I don't like not seeing duration when viewing "Upcoming" episodes, doesn't show it in the Upcoming list nor when you look at the program details. I frequently like to know how long things are going to last.


----------



## wtherrell (Dec 23, 2004)

SnakeEyes said:


> I don't like not seeing duration when viewing "Upcoming" episodes, doesn't show it in the Upcoming list nor when you look at the program details. I frequently like to know how long things are going to last.


Agree, drives me nuts.

Sent from my SCH-I545 using Tapatalk


----------



## moonscape (Jul 3, 2004)

Lots of things I don't use and would like to hide in 'My Shows' because they have nothing to do with My Shows - and if I wanted to use them in the future I could then select them.

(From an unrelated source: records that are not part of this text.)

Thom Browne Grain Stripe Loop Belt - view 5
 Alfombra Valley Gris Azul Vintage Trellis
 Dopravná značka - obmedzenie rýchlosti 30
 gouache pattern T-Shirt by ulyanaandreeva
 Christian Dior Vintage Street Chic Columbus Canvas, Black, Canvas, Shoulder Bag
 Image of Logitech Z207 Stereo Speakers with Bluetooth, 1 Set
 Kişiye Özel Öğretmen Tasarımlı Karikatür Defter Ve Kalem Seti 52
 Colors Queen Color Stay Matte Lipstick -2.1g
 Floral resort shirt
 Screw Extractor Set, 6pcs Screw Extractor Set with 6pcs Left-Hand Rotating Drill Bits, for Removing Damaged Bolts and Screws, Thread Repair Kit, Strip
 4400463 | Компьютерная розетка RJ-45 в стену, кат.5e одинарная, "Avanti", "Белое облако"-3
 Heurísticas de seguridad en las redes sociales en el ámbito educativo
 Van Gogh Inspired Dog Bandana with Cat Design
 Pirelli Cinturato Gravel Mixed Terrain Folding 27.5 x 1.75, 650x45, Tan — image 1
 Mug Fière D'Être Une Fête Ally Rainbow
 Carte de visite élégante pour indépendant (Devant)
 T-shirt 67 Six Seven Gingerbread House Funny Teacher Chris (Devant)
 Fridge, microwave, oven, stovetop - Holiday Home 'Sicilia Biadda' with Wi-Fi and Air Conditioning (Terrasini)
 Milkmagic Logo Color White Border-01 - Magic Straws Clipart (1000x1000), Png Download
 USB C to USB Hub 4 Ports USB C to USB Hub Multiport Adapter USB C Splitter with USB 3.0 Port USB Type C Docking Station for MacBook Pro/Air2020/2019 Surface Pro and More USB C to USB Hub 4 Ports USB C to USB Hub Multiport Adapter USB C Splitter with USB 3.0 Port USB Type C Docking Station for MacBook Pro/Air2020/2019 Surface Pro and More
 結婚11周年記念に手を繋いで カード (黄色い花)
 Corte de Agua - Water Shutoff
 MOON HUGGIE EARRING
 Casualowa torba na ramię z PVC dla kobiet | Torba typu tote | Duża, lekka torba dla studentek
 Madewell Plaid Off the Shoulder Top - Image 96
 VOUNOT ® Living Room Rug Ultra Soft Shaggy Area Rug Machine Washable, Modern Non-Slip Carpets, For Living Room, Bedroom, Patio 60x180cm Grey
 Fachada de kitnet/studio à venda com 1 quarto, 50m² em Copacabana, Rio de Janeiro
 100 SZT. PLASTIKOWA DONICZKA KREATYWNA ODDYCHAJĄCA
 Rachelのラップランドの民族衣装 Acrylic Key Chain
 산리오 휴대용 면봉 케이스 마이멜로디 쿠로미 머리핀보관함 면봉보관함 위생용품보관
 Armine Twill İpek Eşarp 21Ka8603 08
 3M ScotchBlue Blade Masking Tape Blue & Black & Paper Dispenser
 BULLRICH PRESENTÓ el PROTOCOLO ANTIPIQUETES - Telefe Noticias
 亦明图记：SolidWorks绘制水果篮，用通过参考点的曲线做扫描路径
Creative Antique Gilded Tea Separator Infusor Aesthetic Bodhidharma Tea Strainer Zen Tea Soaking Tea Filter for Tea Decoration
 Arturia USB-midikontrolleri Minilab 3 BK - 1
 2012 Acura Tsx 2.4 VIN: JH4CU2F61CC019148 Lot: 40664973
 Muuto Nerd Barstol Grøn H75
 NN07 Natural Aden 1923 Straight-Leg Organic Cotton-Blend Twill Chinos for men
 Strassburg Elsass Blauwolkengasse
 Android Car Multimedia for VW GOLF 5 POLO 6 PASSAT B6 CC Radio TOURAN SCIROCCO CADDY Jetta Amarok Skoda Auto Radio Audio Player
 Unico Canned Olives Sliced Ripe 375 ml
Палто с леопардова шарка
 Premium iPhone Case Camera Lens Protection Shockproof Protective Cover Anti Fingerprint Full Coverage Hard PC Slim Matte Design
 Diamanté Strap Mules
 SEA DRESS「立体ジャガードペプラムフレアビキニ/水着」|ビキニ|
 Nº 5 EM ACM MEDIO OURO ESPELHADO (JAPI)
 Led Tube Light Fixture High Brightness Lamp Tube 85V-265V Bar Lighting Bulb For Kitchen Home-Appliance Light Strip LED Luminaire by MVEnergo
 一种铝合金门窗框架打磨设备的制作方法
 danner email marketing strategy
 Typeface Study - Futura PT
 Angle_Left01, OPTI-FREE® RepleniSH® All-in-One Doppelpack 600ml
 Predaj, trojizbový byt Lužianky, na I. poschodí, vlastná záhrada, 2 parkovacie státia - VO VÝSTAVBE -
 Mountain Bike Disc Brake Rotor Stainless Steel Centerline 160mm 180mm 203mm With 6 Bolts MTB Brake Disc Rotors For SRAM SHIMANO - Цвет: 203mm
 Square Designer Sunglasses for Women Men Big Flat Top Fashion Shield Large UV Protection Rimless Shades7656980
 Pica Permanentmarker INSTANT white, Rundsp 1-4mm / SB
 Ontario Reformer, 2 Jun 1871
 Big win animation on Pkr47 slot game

Customizable menu would be awesome!


----------



## wtherrell (Dec 23, 2004)

Ok, since this is a Bitc**ing thread, here is the most annoying thing I have found so far. In selecting shows in "Upcoming episodes" list, if I select a show for recording, when I go back to the Upcoming list to select more shows it always dumps back to the beginning of the list. On my Premiere SD menu and all other Tivos I have had it would go back into the Upcoming list at the exact place you were in the list. It kept its place but the HDUI and the Roamio UI loses its place. Here's an example: Golf Central on the Golf Channel. I can't use a Season Pass because the Tivo can't distinguish whether the episodes are new or repeats so it records them all. (many, many times a day in some cases even if pass is set to New Only). So what I do (or did) is bring up the Upcoming Episodes list and use the Go-to-end-of-List (skip) button, select the last one to record, etc. then when I went back to the Upcoming Episodes list to select the next episode the SDUI would bring me back at exactly the place I left off. Very convenient. Now the HDUI always goes back to the top of the list instead. 
Maddening. Bring on the strait-jacket folks, I'm about to lose it!(Where's the tongue in cheek emoticon?) Anyone know a fix?


----------



## tatergator1 (Mar 27, 2008)

Assuming the new episode is on at the same time each day, you could go old school and setup a recurring manual recording for the time and channel. 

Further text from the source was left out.